CAFTA

May 12, 2005

May 12, 2005

A lot of questions are debated in this town. And often the right side of the issue is not so obvious. Well, in the next few weeks, Congress will be debating and voting on approval of CAFTA, a trade agreement with the Central American countries and the Dominican Republic. In this case -- at least from Agriculture's point-of-view, it is as Illinois Farm Bureau President, Phil Nelson, put it, "a no brainer."

According to Secretary of Agriculture, Mike Johanns, with an agreement "we are likely to double U.S. exports to those countries." I'm already sold, but there is more. Yes, our exports wou ld double from $1.6 billion to over $3 billion. Keep in mind, they already have 99% free access to our market as a result of the (CBI) Caribbean Basin Initiative. They already can sell to us. It's only fair that we should be able to sell to them. But, unless we get this agreement passed, corn will continue to experience duties as high as 35%, soybean as high as 20%, beef, pork, cotton -- all being hit by duties.

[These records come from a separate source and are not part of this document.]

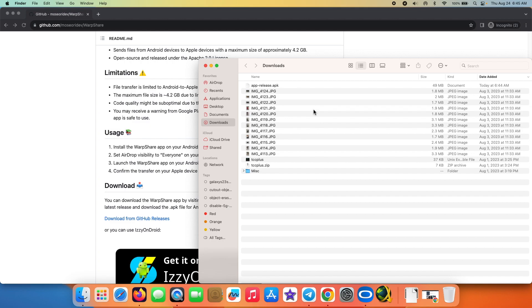So if you want to transfer from Mac to your Pixel 5 using AirDrop, that is not possible at the time of recording this video. But if and when it is made possible, you are going to see a video on this channel.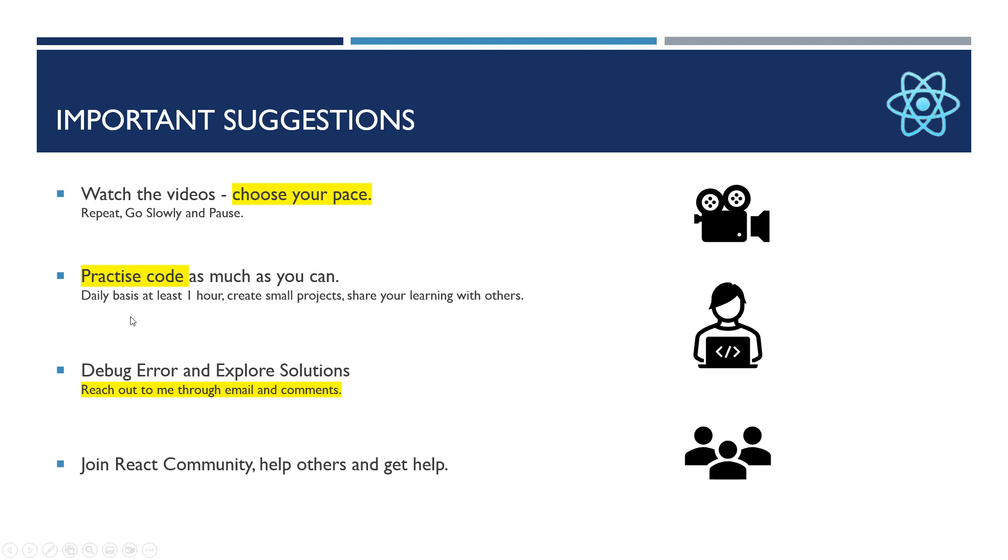I suggest at least daily practice for one hour. Create small projects and share your knowledge with others. In this way, you will learn very quickly because sharing knowledge will help us a lot in learning anything.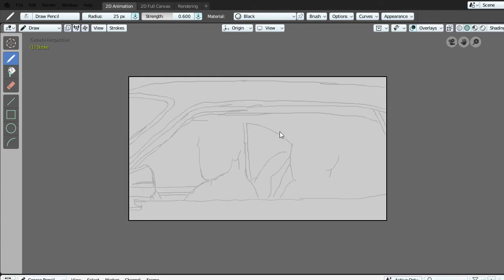Your image is now added to your grease pencil.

The overwhelming advantage of this agreement to American farmers and ranchers is obvious. You ask if it is so obvious, where is the opposition coming from? You won't be surprised to find the usual whining suspects. Labor unions are always fighting trade deals. Don't expect any help from the environmentalists either. Unfortunately, the agreement faces a challenge from some of our own -- the sugar growers. They should be realistic. The fact is the agreement allows only a tiny increase in sugar imports. I said tiny -- one teaspoon per week, per person. One teaspoon! That is less than 1.2% of total U.S. sugar production.

How much protection do they expect? As farmers and ranchers, we export almost 30% of our production. We don't have any choice but to open markets and negotiate trade deals. So let's get it done.